HOW TO COMPLETE THIS TASK
Only one stretch of the data below should be repeated: the lines from the line containing "Central de Abastecimento" through the line containing "Buy your photos", inclusive, exactly as they are.

EXCERPTED RECORDS
Segment Open
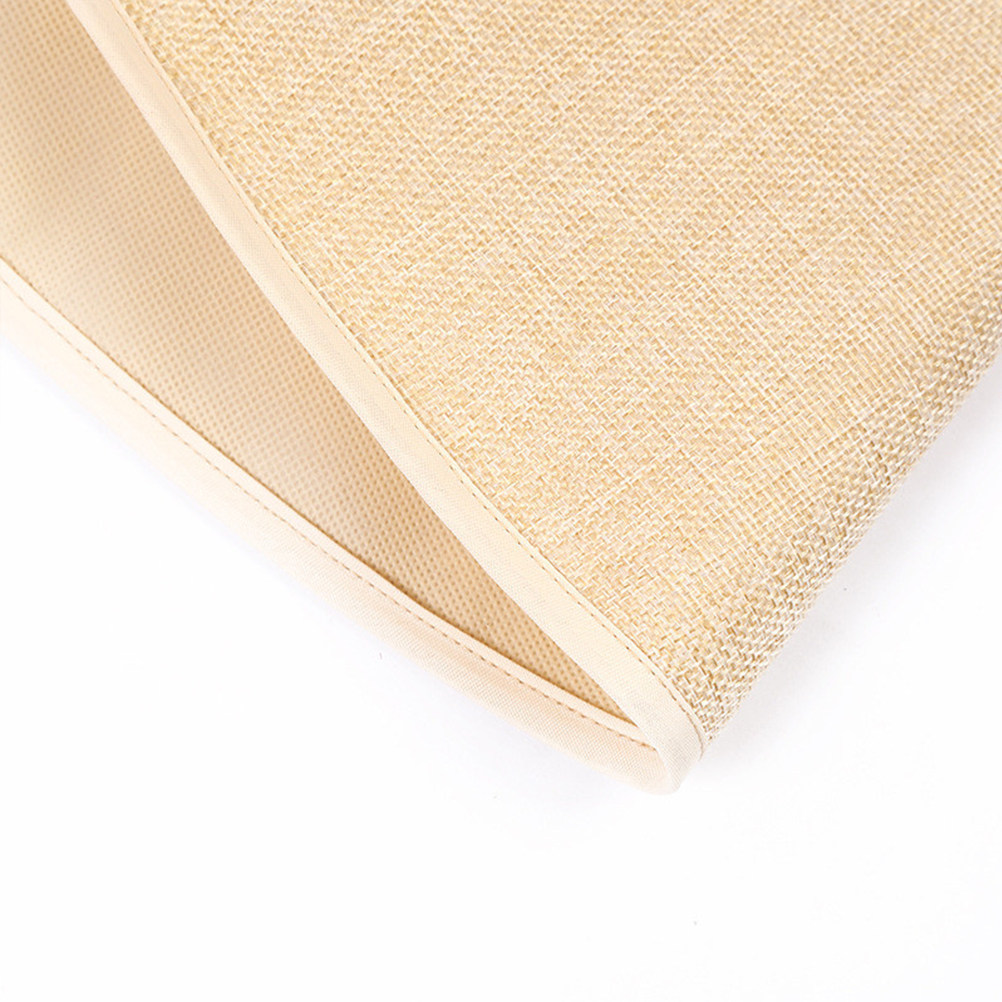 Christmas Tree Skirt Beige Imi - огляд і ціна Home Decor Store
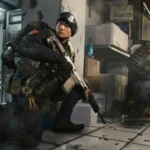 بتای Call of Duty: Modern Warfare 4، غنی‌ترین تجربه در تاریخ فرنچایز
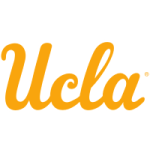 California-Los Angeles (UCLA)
Segment Closed
Segment Open
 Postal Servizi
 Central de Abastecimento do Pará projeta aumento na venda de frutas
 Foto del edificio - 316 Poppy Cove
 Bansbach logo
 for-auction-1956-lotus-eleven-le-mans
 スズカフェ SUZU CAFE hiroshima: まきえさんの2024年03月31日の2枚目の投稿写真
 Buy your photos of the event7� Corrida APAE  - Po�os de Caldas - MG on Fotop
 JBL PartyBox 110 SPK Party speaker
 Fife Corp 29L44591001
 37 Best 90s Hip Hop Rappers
Segment Closed
Segment Open
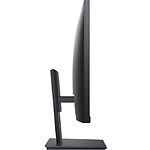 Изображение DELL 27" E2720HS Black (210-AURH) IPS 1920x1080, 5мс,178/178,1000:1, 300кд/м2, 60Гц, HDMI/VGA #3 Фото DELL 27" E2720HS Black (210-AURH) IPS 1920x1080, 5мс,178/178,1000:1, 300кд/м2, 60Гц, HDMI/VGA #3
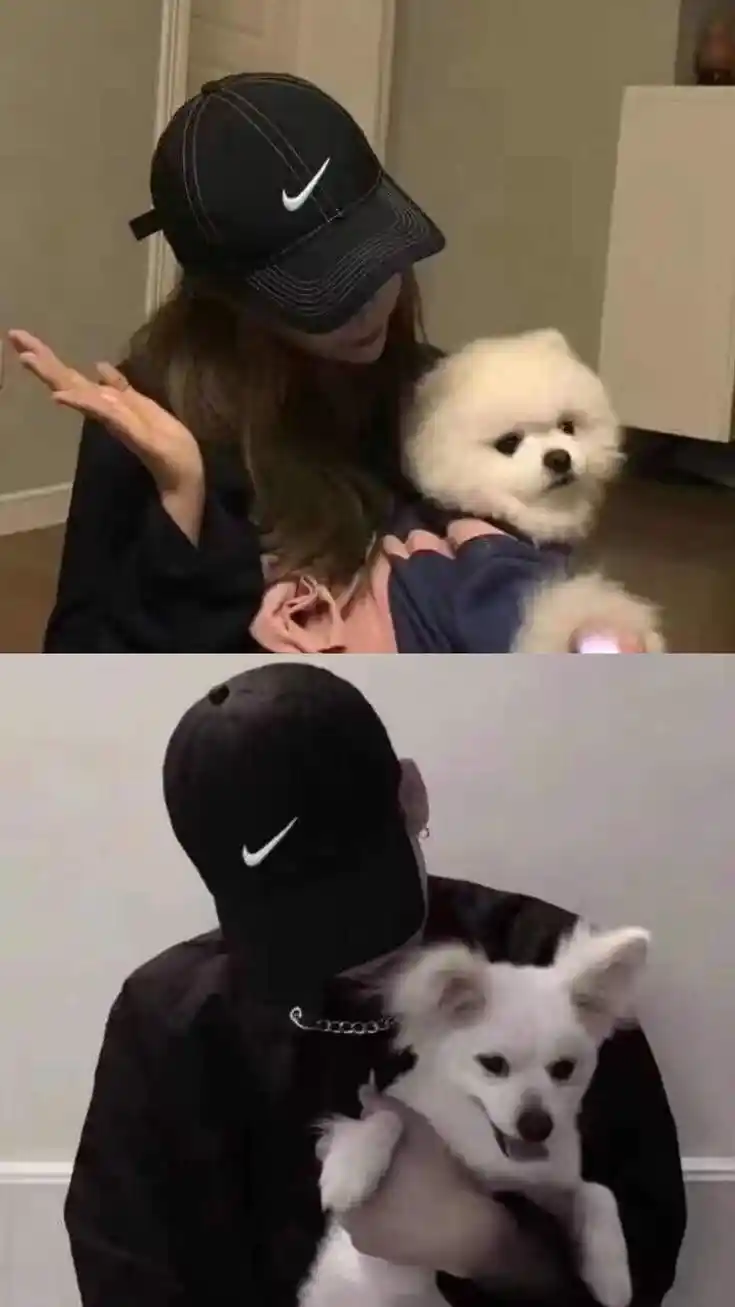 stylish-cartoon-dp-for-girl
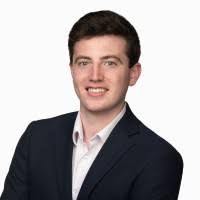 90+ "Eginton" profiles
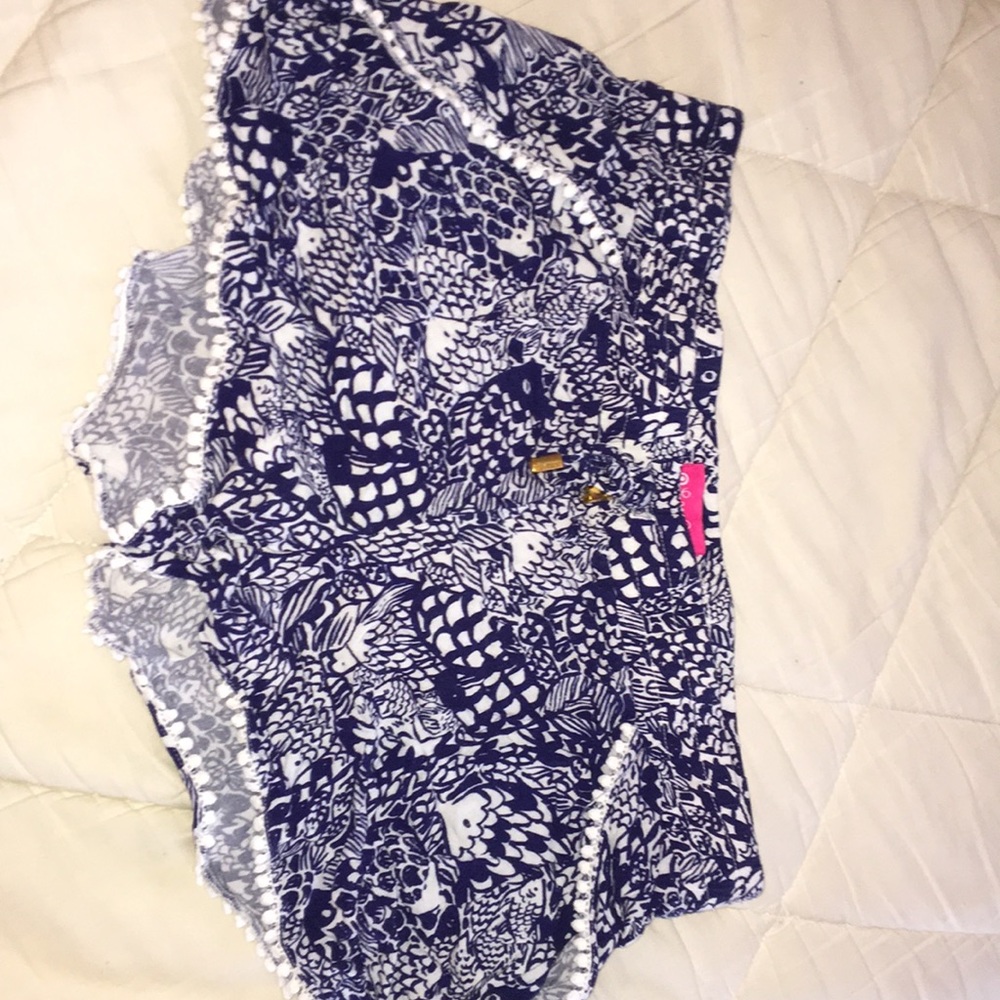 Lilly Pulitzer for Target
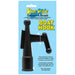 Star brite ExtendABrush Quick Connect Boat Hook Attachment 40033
Segment Closed
FINISHED TASK
 Central de Abastecimento do Pará projeta aumento na venda de frutas
 Foto del edificio - 316 Poppy Cove
 Bansbach logo
 for-auction-1956-lotus-eleven-le-mans
 スズカフェ SUZU CAFE hiroshima: まきえさんの2024年03月31日の2枚目の投稿写真
 Buy your photos of the event7� Corrida APAE  - Po�os de Caldas - MG on Fotop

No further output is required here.